Saturday Night Live's head writer Elizabeth Stamatina Fey was born in 1970 in Upper Darby, Pennsylvania. After graduating from the University of Virginia, she moved to Chicago where she joined Second City and ImprovOlympic. In 1997, SNL recruited her as a writer, and she stepped onto the SNL stage three years later.

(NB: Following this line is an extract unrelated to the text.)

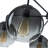 5-Light Hand-Blown Gradient Glass Globe Chandelier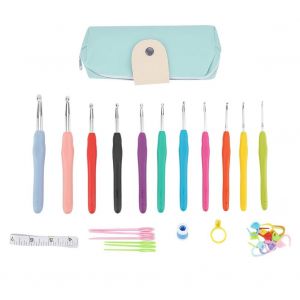 31Pc/Lot crochet crochets aiguilles tissage &agrave; la main outils de couture kit - Neuf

In 1999, Fey was named writing supervisor, making her the first female head writer in the show's 25-year history. Recurring sketches Fey has penned include the biting satires of "The View" and "Sully and Denise" featuring Jimmy Fallon and Rachel Dratch as the Bostonian teens. Fey also served as head writer for the Emmy Award winning special "Saturday Night Live -The 25th Anniversary." Fey has won much acclaim for her work - including being named one of Entertainment Weekly's 2001 Entertainers of the Year - for her work on the revitalized "Weekend Update."
2004 saw the release of the movie "Mean Girls," which Fey wrote and starred in. The movie, starring Lindsay Lohan, was adapted from Rosalind Wiseman's much-talked-about book, "Queen Bees and Wannabes: Helping Your Daughter Survive Cliques, Gossip, Boyfriends & Other Realities of Adolescence."
Other ventures included the critically praised sketch comedy show "Dratch & Fey" with fellow SNLer Rachel Dratch at the Upright Citizens Brigade Theater in New York City in 2000, which was dubbed "the funniest thing to be found on any New York comedy stage this summer" by Time Out New York.